DEV'T ACCOUNTS: TAX CREDITS H.B. 5021 (H-2) & 5022 (H-1):
COMMITTEE SUMMARY
House Bill 5021 (Substitute H-2 as passed by the House)
House Bill 5022 (Substitute H-1 as passed by the House)
Sponsor: Representative Kevin Green (H.B. 5021)
Representative David Robertson (H.B. 5022)
House Committee: Banking and Financial Services
Senate Committee: Banking and Financial Institutions
Date Completed: 9-6-06
CONTENT
House Bills 5021 (H-2) and 5022 (H-1) would amend the Single Business Tax (SBT) Act and the Income Tax Act, respectively, to do all of the following:
-- Allow a qualified financial institution or taxpayer to claim an SBT credit equal to 75% of contributions made under the proposed "Individual or Family Development Account Program Act" to a fiduciary organization's reserve fund.
-- Allow a taxpayer who not an account holder to claim a nonrefundable income tax credit equal to 75% of contributions made under the proposed Act to a reserve fund.
-- Specify that the SBT and income tax credits could not exceed an annual cumulative total of $1.0 million.
The bills are tie-barred to House Bill 5027, which would create the "Individual or Family Development Account Program Act" under which eligible individuals and families (those with a household income at or below 200% of the Federal poverty level) could establish accounts to be used for education, the first-time purchase of a primary residence, or business capitalization.
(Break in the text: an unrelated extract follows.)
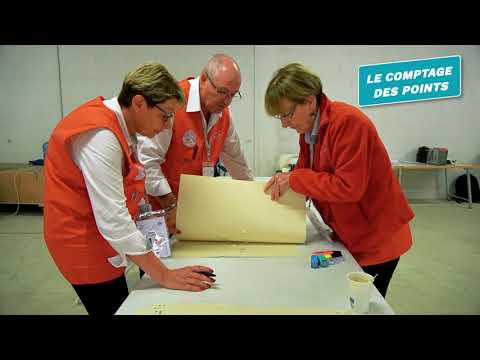 L'arbitrage du championnat d'Europe Armes anciennes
The accounts would be held at financial institutions, established and managed by fiduciary organizations, and administered by nonprofit organizations known under the legislation as "program sites". Businesses and individuals could receive tax credits for 75% of contributions made to a fiduciary organization's reserve fund, which would provide supplemental funding to individual or family development accounts.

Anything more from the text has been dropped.